Syracuse seemed perplexed by his scrambling ability, picking up yards with his feet time after time when he was seemingly left for dead in the backfield. The Orange got into the backfield well on Robertson, but just could not quite get a hold of him.
”That quarterback, Johnny Robertson, is one tough son-of-a-gun,” Syracuse head coach Scott Shafer said. “I’ll be real interested to see how many yards he got that were not by design. Where it’s not there and he takes off and makes people miss and moves the chains….He’s such a damn good football player. That was a hell of an effort by that kid. I’ve been around football my whole life and that is a gutsy son-of-a-gun.”
Indeed that was a theme during his 16-27, 199-yard passing, 115-yard rushing performance in which he left little doubt who was the best player on the Ernie Davis Legends’ Field Friday night.
In 2013, Syracuse was the only FBS program to not give up an individual 100-yard rusher. Robertson put an end to that streak.
”I felt like our quarterback had to play great for us to even be in the game and he played great,” Villanova head coach Andy Talley said. “He was the best quarterback on the field. He kept drives alive.”
Syracuse seemingly had no answer for Robertson. Even after huge momentum swings in Syracuse’s favor, Robertson still found a way to respond. But the Orange found a way to make one play defensively that secured the win.
After a fake field goal that saw Riley Dixon throw a touchdown pass to Kendall Moore in the second overtime, the Wildcats came back with a quick four play drive that found the end zone.

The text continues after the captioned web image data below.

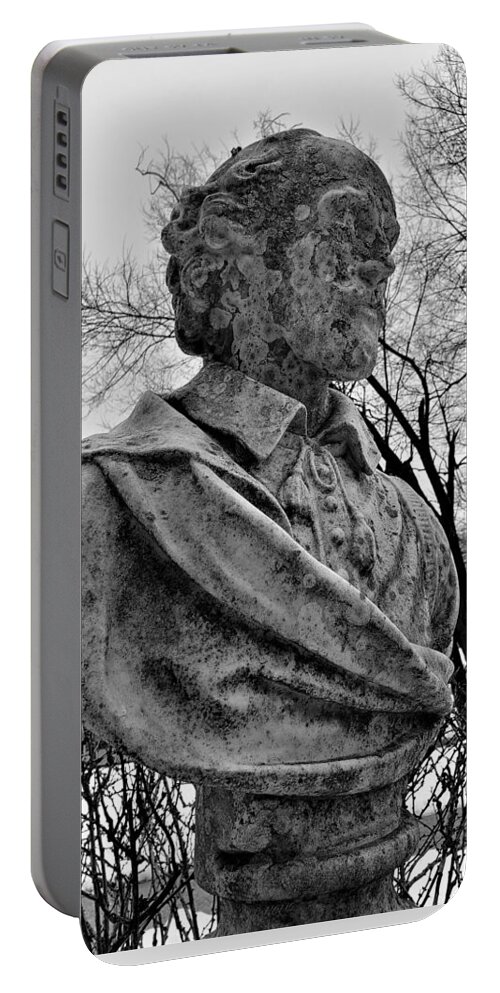 William Shakespeare Portable Battery Charger featuring the photograph The Bard Of Avon by Rob Hans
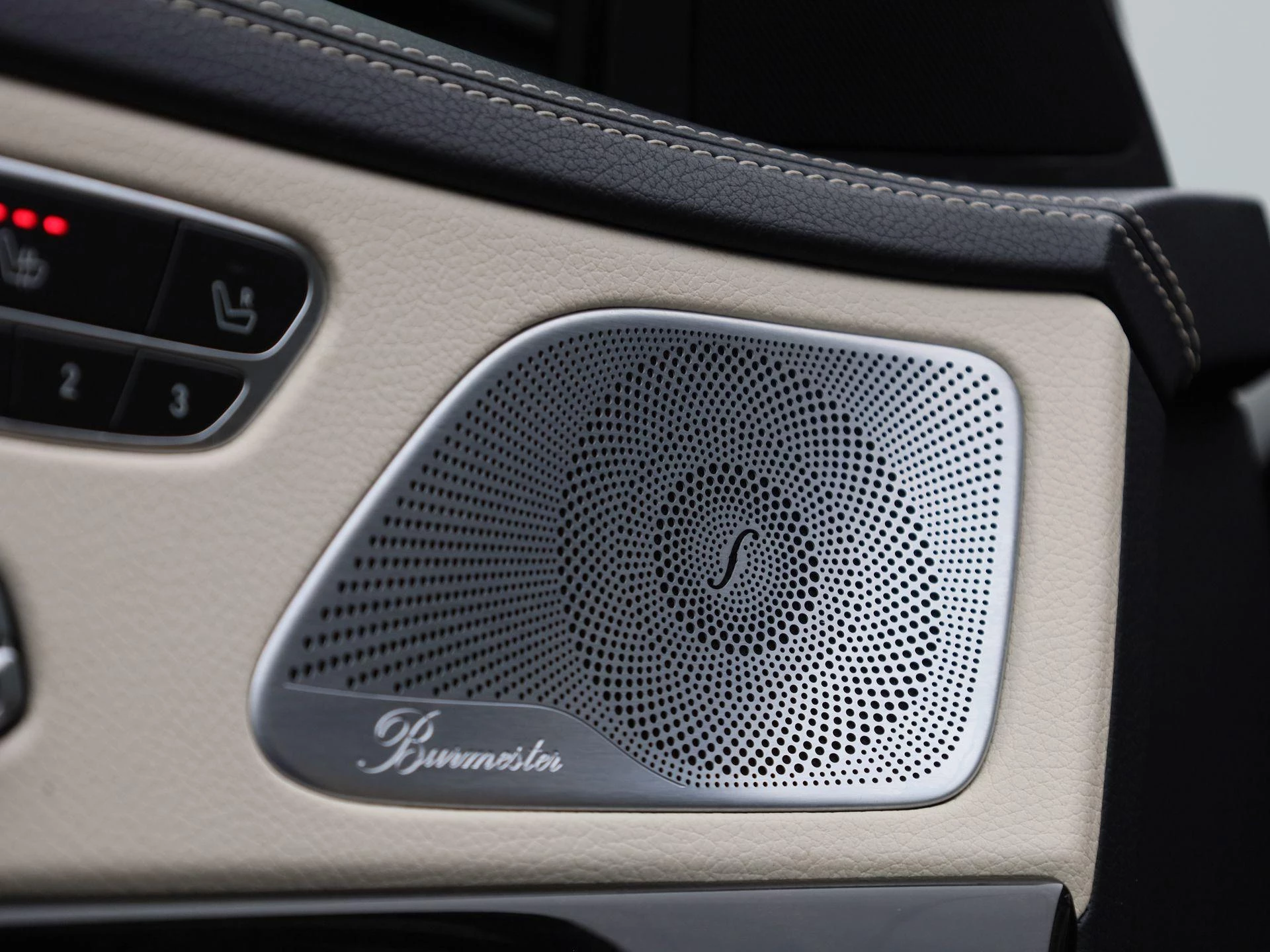 Mercedes-Benz-S-Klasse-image-45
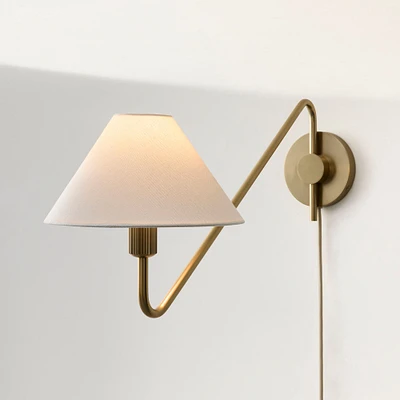 Beatrix Long Arm Pivot Sconce, 25", Champagne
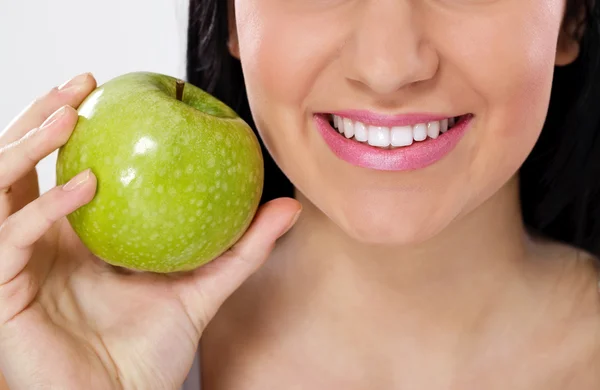Gran sonrisa y manzana verde — Foto de Stock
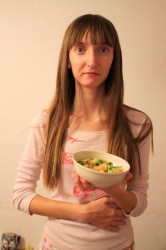 Салат из креветок, авокадо и огурца - шаг 8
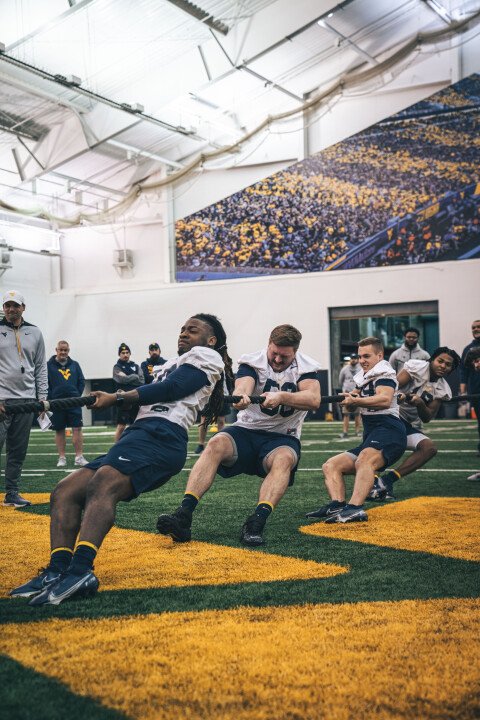 JarelWilliams8's tweet photo. Locked 🔒 in...@WVUfootball
#Outworkeveryone #outworkyesterday https://t.co/IvNaZSh0FX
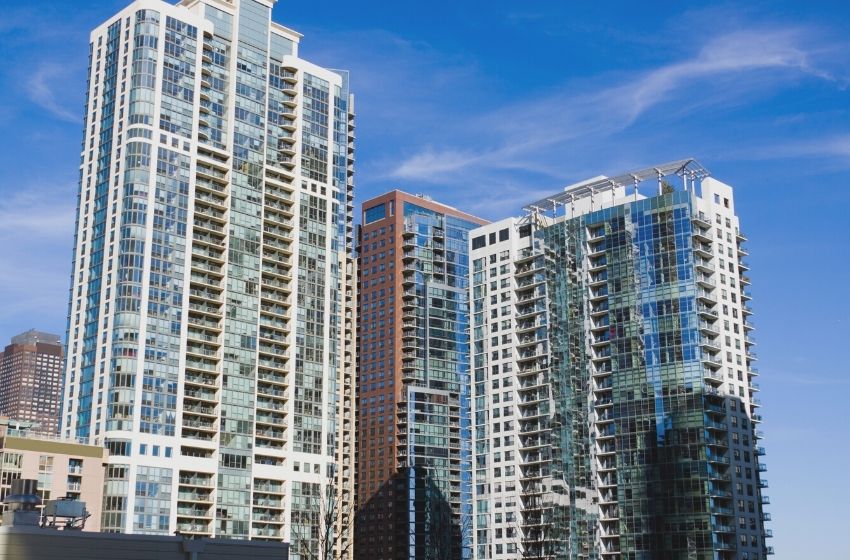 Responsabilidade civil do síndico na administração e fiscalização.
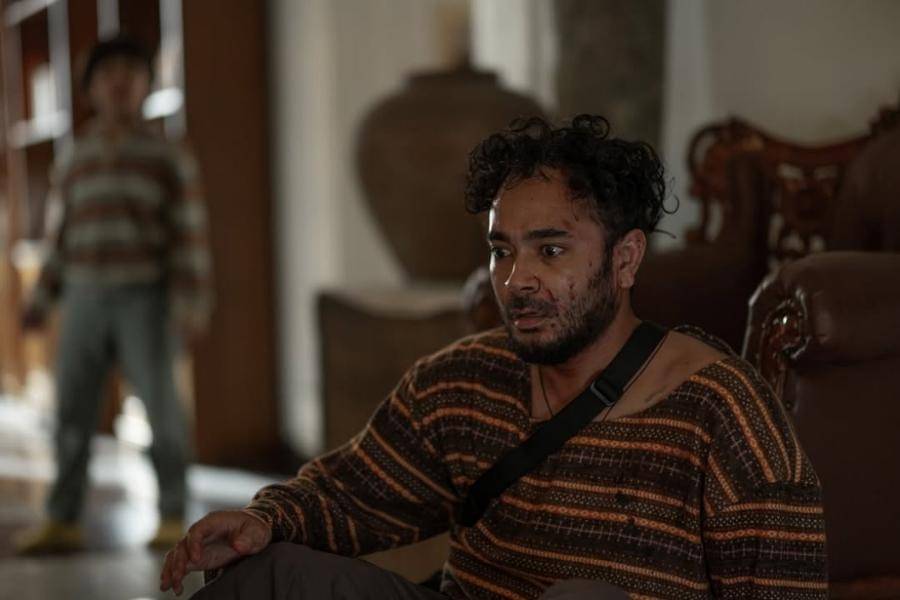 5 Keluarga Mikha Tambayong di Film Abadi Nan Jaya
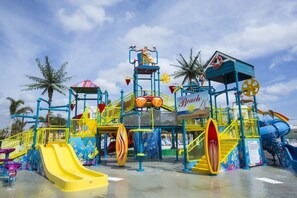 Children’s play area – outdoor - Encore Club 6 BR - Games - BBQ - Pool (Kissimmee)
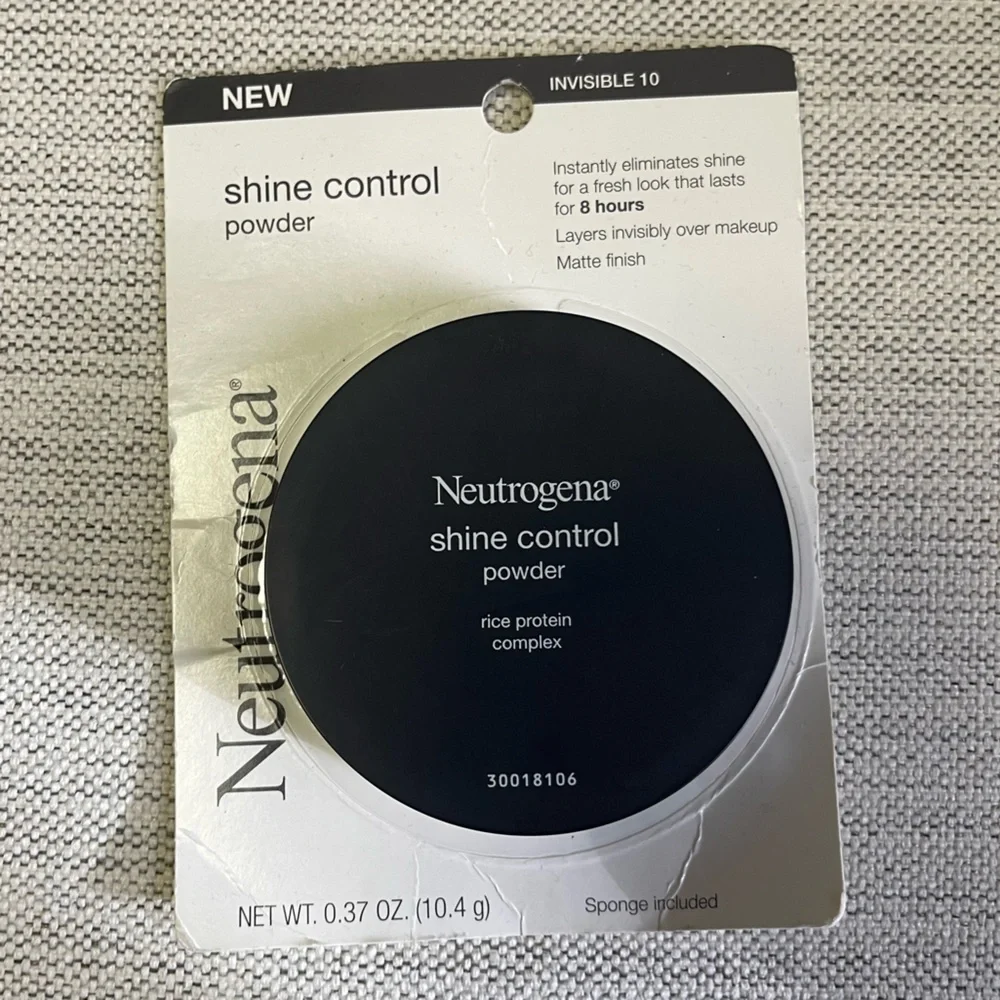 Neutrogena Shine Control Powder in Invisible 10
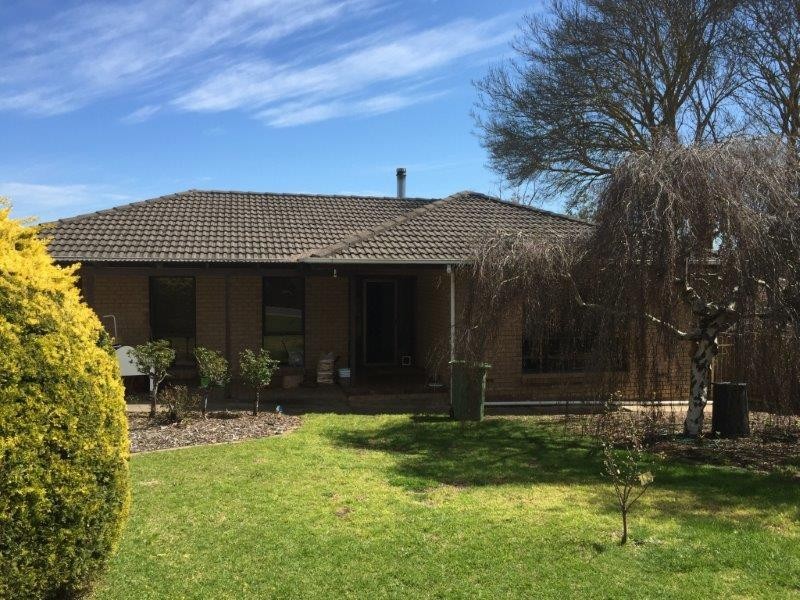 12 Victoria Road, Mount Barker SA 5251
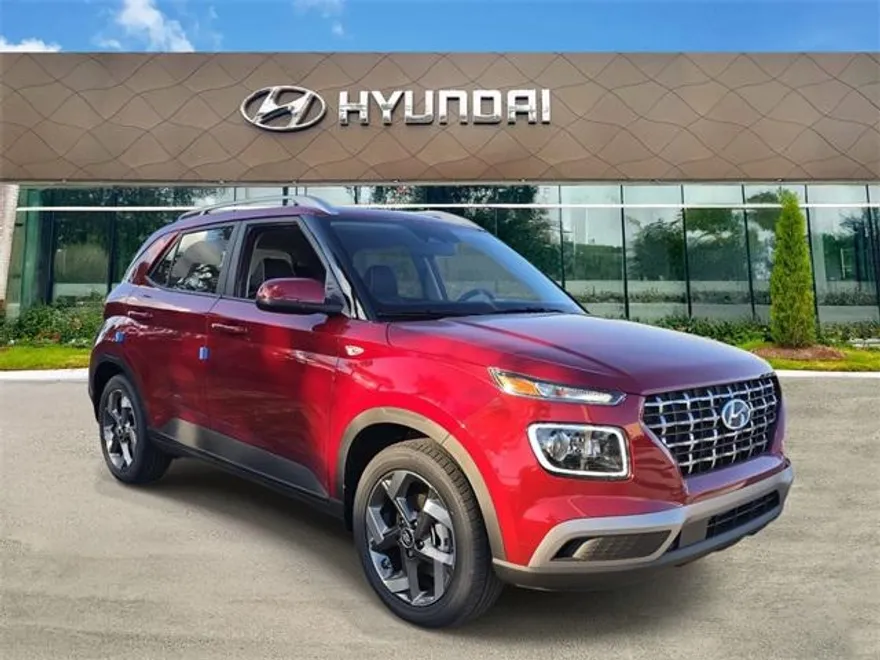 2025 Hyundai Venue Limited photo 1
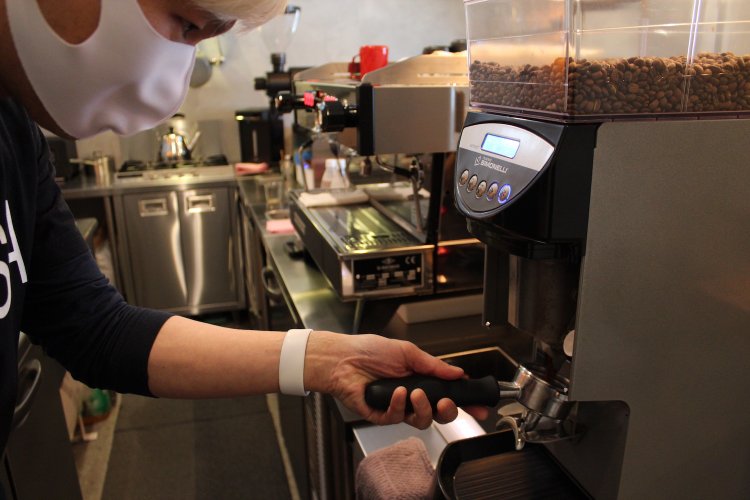 エスプレッソにもハンドドリップ用と同じ焼き方をした浅煎りの豆を使用。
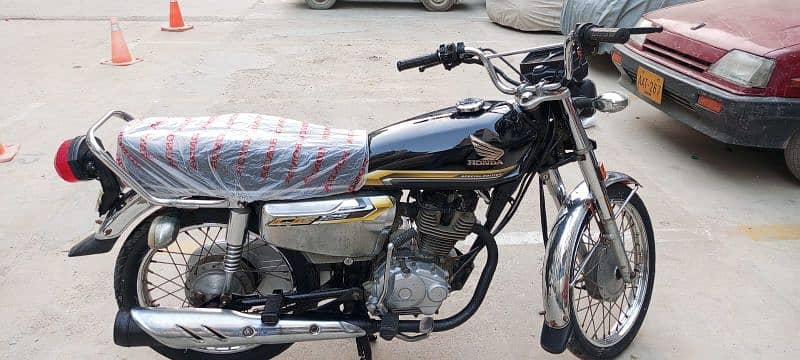 Honda 125 Karachi number special edition 2021 4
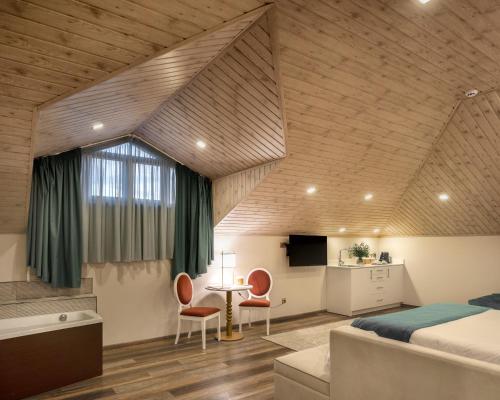 a bedroom with a bed and a table and chairs at Palace Hotel de Midões in Midões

Rather than line up for a tying field goal, Villanova elected to go for two and the win.
Like they had all night, they put the ball in the hands of their star quarterback. Robertson took the snap, fakes a quick pitch and looked to find an opening on a quarterback draw. Unfortunately, for the first time all night, there was no hole to run through. Nowhere to scramble.
The Orange defensive line got strong initial penetration and swarmed Robertson at the two yard line. Finally Syracuse stopped Robertson. This time, at the most critical of junctures.
For the first time all night, Houdini could not escape. Syracuse, however, did.